Le due sante raffigurate nel dipinto Apparizione della Trinità sono Paola ed Eustochio (rispettivamente madre e figlia), che invogliarono e coadiuvarono Girolamo allo studio biblico, traducendo in latino i testi della Vulgata dall’ebraico e dal greco. Dunque, qui si assiste alla rappresentazione di un San Girolamo inedito, accanto alle due linguiste di straordinario valore per la cristianità e la diffusione del Cristianesimo. Su di loro veglia la Trinità, puntando su di loro con uno scorcio ardito, secondo uno stile che, oseremmo dire, anticipa Tiziano e reinterpreta, in chiave moderna e plastica, la Trinità di Masaccio, con un panneggio morbido e una colorazione nitida di sapiente stesura.

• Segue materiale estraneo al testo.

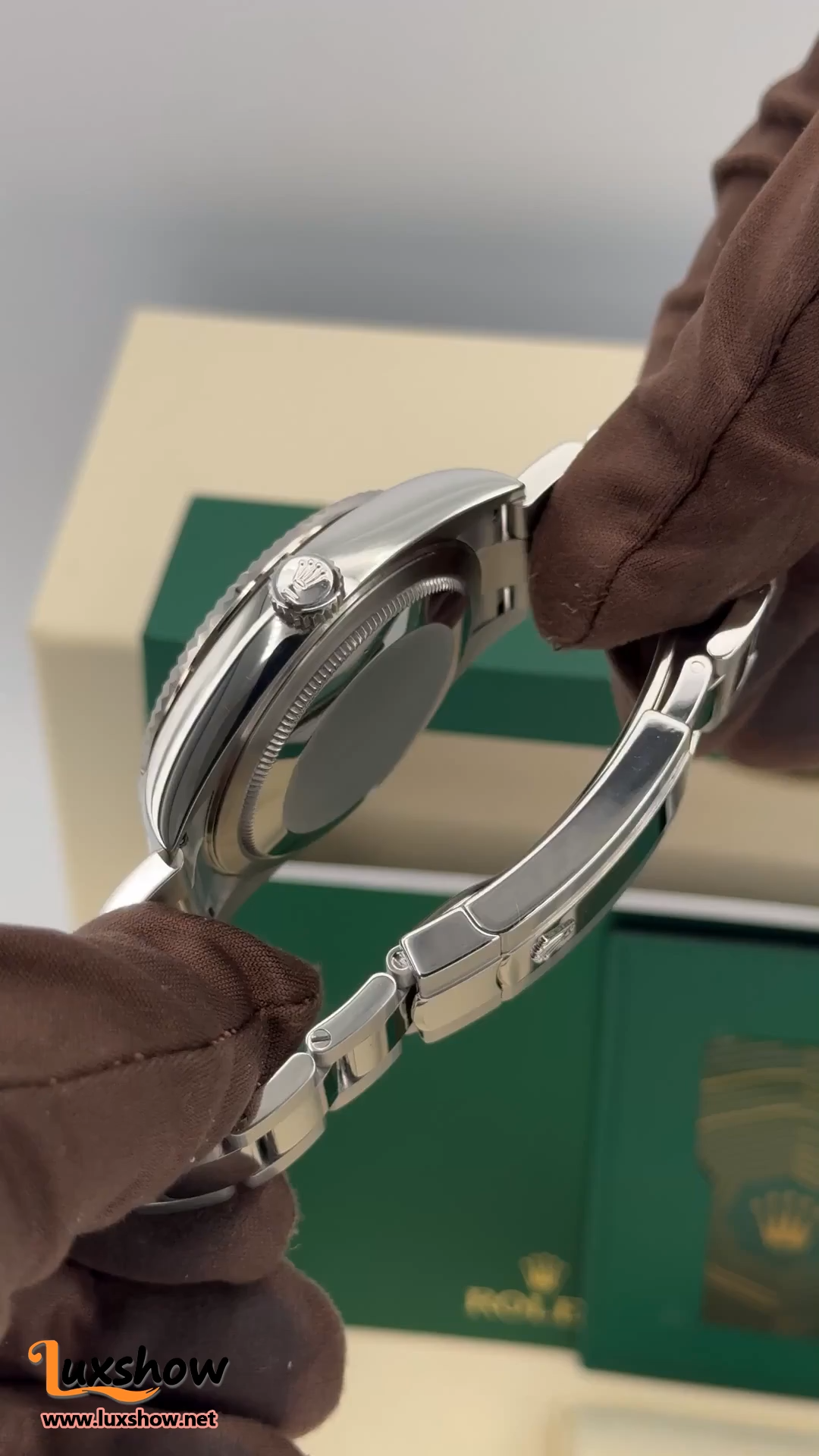 Rolex Sky-Dweller 42mm 326934 Stainless Steel Oyster White Dial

La prospettiva diventerà scienza nel corso del Rinascimento e avrà in Leonardo il suo grande teorico. Quel che ci importa adesso rilevare è che la prospettiva invitò gli artisti del Quattrocento a prendere in esame il “fattore tempo” ovvero a domandarsi se fosse possibile riportare, in un’opera d’arte visiva, la dinamica temporale di un evento.
Furono in molti a provarci, con risultati diversi: chi interpretava il tempo in termini di profondità, inserendo le scene più recenti in primo piano e quelle precedenti su piani prospettici in linea verticale, come Donatello; chi, come Masolino e Masaccio, consideravano il tempo in termini di spazialità, secondo una linea orizzontale; chi riassumeva entrambi i punti di vista, come Paolo Uccello.
Saranno i cubisti, in futuro, a dare un’originale interpretazione alla quarta dimensione.
Riporto questo dipinto su legno poiché anche uno dei pochi esempi di raffigurazione rinascimentale de Il David con la testa di Golia presente su uno scudo di legno. Probabilmente destinato all’esposizione cerimoniale, lo scudo riprendeva un tema trattato spesso nel cuore della piccola repubblica di Firenze, capace di ergersi come il piccolo David contro i nemici esterni (il Papa, Milano, Venezia e Napoli), ben più possenti di lei, come il gigante Golia.
Soffermiamoci sulle dinamiche raccontate dal quadro e sul fattore tempo appena considerato: vediamo David roteare la sua fionda già caricata, rossa come la sua giubba da futuro condottiero, mentre ai suoi piedi, nell’immediatezza, ci appare, fantasmagorica, la testa già mozzata del gigante Golia con un sasso conficcato nella fronte sanguinante. Una sequenza di scene descritte come in un lampo, su uno sfondo celeste con nuvole frastagliate agitate dallo stesso vento che scompiglia la capigliatura del giovane audace e impavido, in evidenza la sua mano sinistra pronta a ghermire l’avversario. Anche il particolare delle rocce e della vegetazione, rispettivamente brulle e tenebrose, forniscono all’insieme una connotazione spaziale senza tempo.
La capigliatura e il plasticismo di Andrea del Castagno saranno oggetto di studio e fonte di grande ispirazione per Caravaggio.